WHAT THE TASK REQUIRES:
Reproduce, from the lines below, exactly the stretch that begins at the line containing "Chantal - escort in Cebu City Photo 1 of 2" and ends at the line containing "Third view of", both included.

RECORDS SHOWN:

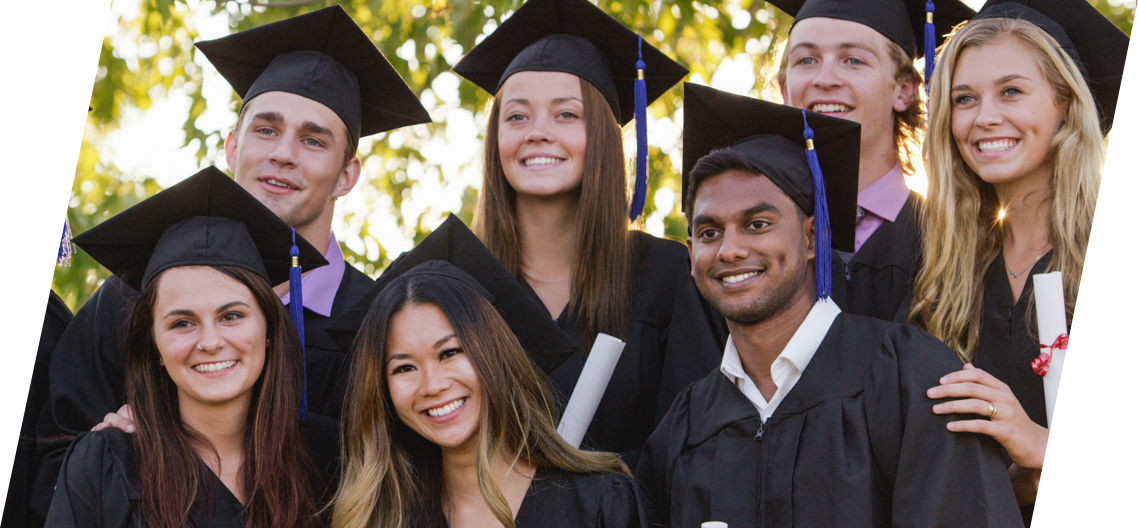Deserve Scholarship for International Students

==

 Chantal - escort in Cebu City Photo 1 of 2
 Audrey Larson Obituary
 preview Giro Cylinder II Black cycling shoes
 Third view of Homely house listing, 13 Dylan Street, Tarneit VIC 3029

WRITTEN ANSWER:
 Chantal - escort in Cebu City Photo 1 of 2
 Audrey Larson Obituary
 preview Giro Cylinder II Black cycling shoes
 Third view of Homely house listing, 13 Dylan Street, Tarneit VIC 3029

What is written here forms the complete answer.